December 13, 2017

A spreadsheet for Sprint acceleration Force-Velocity-Power profiling

Written with Dr Pierre Samozino (University Savoie Mont Blanc)

Due to popular demand and frequent requests from sport practitioners and researchers, we have decided to publish a spreadsheet and tutorial for implementing our sprinting FVP field method based on split times measurements during a 30-m, all-out sprint acceleration, from a standing (2 or 3-point) start. This simple method has been initially proposed and validated against force plate data by Samozino et al. in 2016, and used afterwards in several publications (see here).

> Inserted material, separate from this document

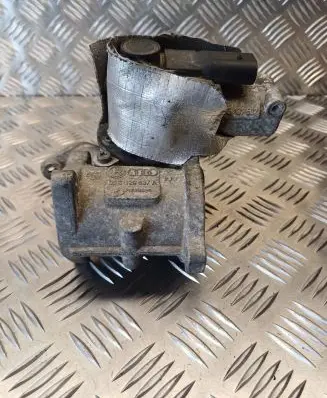 Volkswagen Caddy EGR valve 03G129637A 03G131502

Download this spreadsheet HERE.

Watch the 10’ video tutorial here: 



This spreadsheet will automatically calculate the sprint force-velocity profile based on the following input variables: 5 split times over a 30 or 40-m acceleration, air temperature and pressure, stature and body mass of the athlete, based on the modeling of the position-time curve by an exponential function. 
After a quick adjustment of the 2 variables of the exponential model (maximal velocity Vmax and time constant Tau) to fit the actually measured split times, it will automatically display the FVP curves, the main mechanical outputs and the mechanical effectiveness. Note that you will need to install/use the Excel Solver add-in macro for this adjustment. 
For full details on the definition and practical meaning of these variables, please read this commentary paper.
In addition to exploring your athlete’s performance, it will indicate the underlying mechanical variables, and help you design more effective, individualized training content.
Furthermore, in the context of rehabilitation and return-to-sport processes, knowing an athlete’s pre-injury profile is gold to an effective, sprint-oriented rehabilitation and return-to-sport decision. See Jurdan Mendiguchia’s works on the topic in 2014, 2016 and 2017.
This “profiling” test may be done with only 4 split times (5, 10, 20, and 30m), but for more accuracy we recommend using 5 or 6.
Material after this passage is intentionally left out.